In the company’s #stonks Slack channel, one employee was similarly suspicious of Musk’s letter, according to screenshots shared with Platformer. “I don’t understand why Elon would need to propose the deal again,” they wrote. “The original one still stands. Just write the check, bro.”
Another employee summarized the mood by saying that employees generally have a low opinion of Musk, and whatever is going to happen next they would rather he and Twitter get on with it already.
On Blind, an app where employees discuss their workplaces under pseudonyms, a poll asked “what will you miss the most post-privatized Twitter?”
“I saw the post, thought ‘haha my job’ then saw it was a poll option, so selected it, but now realizing I won’t miss the job I currently have,” one employee wrote, according to screenshots. “I will and do miss my 2019/2020/2021 job, but I will not miss my 2022 job.”
“Now time to exit the theme park and let the new owner raze it to the ground”
“So true,” another employee responded. “As bad as [former Twitter CEO] Jack [Dorsey] was at his job (maybe because of it?) Twitter had one of the best cultures / [work-life balance] / benefits in the industry under him.

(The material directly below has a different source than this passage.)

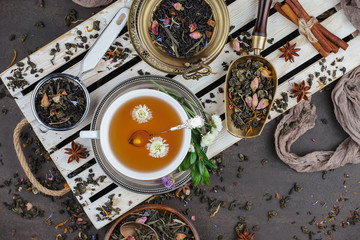 Tea hot drink on old background in composition on the table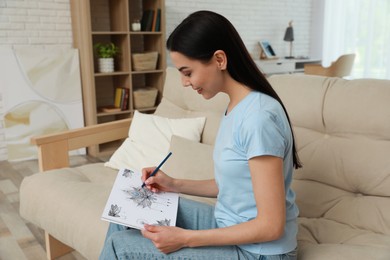 Young woman coloring antistress page on sofa in living room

Learnt a lot, met some awesome folks, enjoyed the ride, now time to exit the theme park and let the new owner raze it to the ground and build what he wants (metaphorically).”
Worth noting: Twitter saw attrition of more than 700 employees in recent months.
Employees also offered some praise for Twitter CEO Parag Agrawal, who has been mostly silent since the legal battle against Musk began, but appears to have the upper hand for the moment. (He’s set to receive $42 million assuming Musk fires him after taking over.)
“You just completed the game,” the employee wrote, in a post headlined “Congratulations, Parag.” “You outmaneuvered Musk, came out unscathed and millions of dollars richer. You’re under 40, have FU money, and your reputation is largely intact. You just won at life. Have to respect that. And to anyone else: Don’t hate the player. Hate the game.”
— Zoe Schiffer contributed reporting to this column.